Data listing —
^^^^^^^^^^^^^^^^

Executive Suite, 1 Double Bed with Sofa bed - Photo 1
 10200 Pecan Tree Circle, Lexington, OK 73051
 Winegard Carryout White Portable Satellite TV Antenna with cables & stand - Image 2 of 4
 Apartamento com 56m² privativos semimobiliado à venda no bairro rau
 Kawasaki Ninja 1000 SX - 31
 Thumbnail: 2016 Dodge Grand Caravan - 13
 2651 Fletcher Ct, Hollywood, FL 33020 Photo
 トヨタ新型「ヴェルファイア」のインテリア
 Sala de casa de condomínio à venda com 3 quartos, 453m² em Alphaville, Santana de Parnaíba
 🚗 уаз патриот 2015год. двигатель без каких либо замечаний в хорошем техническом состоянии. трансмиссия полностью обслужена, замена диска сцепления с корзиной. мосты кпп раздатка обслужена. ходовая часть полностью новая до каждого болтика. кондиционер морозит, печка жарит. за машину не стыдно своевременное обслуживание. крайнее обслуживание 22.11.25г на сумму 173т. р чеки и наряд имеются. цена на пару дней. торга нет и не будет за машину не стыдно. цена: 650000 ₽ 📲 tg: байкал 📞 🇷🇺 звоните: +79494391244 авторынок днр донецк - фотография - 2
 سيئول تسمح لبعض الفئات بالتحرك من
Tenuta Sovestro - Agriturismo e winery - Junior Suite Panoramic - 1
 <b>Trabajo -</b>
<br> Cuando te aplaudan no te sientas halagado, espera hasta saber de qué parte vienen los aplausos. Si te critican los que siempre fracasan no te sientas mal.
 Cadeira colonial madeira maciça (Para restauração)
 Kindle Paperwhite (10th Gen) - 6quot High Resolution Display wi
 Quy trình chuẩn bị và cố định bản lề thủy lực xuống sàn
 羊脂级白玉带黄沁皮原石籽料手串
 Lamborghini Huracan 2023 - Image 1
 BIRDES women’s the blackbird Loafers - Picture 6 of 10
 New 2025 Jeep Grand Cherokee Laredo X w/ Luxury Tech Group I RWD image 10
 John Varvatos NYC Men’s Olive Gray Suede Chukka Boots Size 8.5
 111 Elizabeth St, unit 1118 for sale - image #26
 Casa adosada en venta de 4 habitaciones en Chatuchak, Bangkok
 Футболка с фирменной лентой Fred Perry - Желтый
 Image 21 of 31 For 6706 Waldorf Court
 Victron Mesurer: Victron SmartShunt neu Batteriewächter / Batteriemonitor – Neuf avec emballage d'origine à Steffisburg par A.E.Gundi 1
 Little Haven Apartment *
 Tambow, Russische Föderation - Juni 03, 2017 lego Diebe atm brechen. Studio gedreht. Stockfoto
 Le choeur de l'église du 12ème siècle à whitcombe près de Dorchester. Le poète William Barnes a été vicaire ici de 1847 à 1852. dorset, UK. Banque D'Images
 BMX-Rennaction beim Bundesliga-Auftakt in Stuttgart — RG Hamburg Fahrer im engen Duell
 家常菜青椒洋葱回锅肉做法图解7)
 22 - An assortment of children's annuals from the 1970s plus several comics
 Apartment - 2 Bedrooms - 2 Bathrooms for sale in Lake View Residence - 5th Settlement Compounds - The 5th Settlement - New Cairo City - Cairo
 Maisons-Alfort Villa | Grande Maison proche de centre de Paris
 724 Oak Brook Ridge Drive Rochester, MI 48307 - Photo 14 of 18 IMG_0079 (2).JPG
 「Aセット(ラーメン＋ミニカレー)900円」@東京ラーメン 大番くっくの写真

^^^^^^^^^^^^^^^^

Task instructions —
Retype the entries above exactly, but only from the line containing "10200 Pecan Tree Circle, Lexington, OK 73051" through the line containing "Sala de casa", both included.

Result below —
 10200 Pecan Tree Circle, Lexington, OK 73051
 Winegard Carryout White Portable Satellite TV Antenna with cables & stand - Image 2 of 4
 Apartamento com 56m² privativos semimobiliado à venda no bairro rau
 Kawasaki Ninja 1000 SX - 31
 Thumbnail: 2016 Dodge Grand Caravan - 13
 2651 Fletcher Ct, Hollywood, FL 33020 Photo
 トヨタ新型「ヴェルファイア」のインテリア
 Sala de casa de condomínio à venda com 3 quartos, 453m² em Alphaville, Santana de Parnaíba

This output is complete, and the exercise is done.